Del Perugino colpisce subito la luce abbagliante dello spazio, il tempio poligonale solenne, come nell’affresco della Consegna delle chiavi nella Cappella Sistina, di cui continua il fare largo, grandioso. Se le figurine sulla scalinata del tempio appaiono minime e dalle pose ancheggianti, quelle del corteo in primo piano sono schierate come dei manichini perfetti, ma a dire il vero poco espressivi.
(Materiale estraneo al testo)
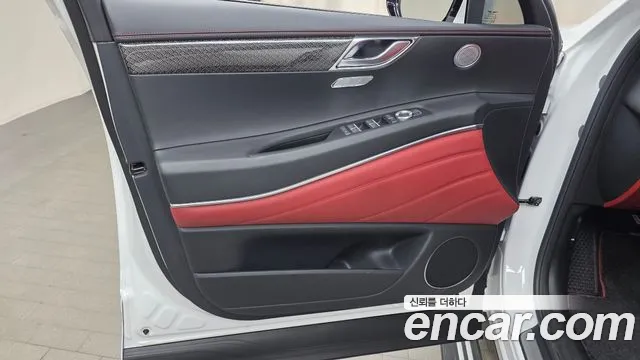 Genesis GV80 GV80 Coupe — Фото автомобиля 12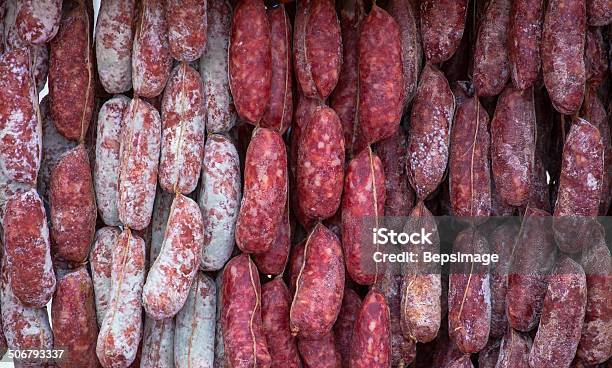 Salami Italiano Foto de stock y más banco de imágenes de Alimento - Alimento, Carne, Carne de cerdo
Giuseppe e Maria hanno espressioni languide, raccolte e un po’ manierate, così che l’interesse del dipinto sta soprattutto nella luminosità così ampia, che si protende poi nel fondo davvero infinito, con quel senso di silenzi sovrumani che spesso Perugino sa esprimere nei suoi cieli incontaminati, nella purezza del colore che esalta pure l’eleganza delle figure.

 

La tavola di Raffaello, più piccola, risponde al maestro con l’aria velata dello spazio, la dolcezza del colore, la naturalezza delle espressioni e dei gesti e quel sentimento caldo che a 21 anni il pittore già possiede come qualcosa di specificatamente suo. Se Perugino descrive la scena ma è poi interessato allo spazio, Raffaello unifica entrambe le cose dando loro armonia, mediante la qualità della sua luce, che possiede qualcosa di morbido, una densità atmosferica che dal tempio circolare – invenzione squisita – corre poi nello slargo del fondo verso spazi interminati, leopardiani ante litteram.

 

Perugino è un grande narratore, Sanzio un poeta. Nella sala, la tela di Jean-Baptiste Wicar, che sostituisce dal 1825 il Perugino nella cattedrale di San Lorenzo a Perugia, non regge al confronto, ma dialoga silenziosamente con i due grandi. Ed è un attimo di riposo, necessario, nella normalità quotidiana di un’arte impegnata ma non eccelsa, dopo il colloquio dei due geni fra loro  e con noi. Tutto da scoprire.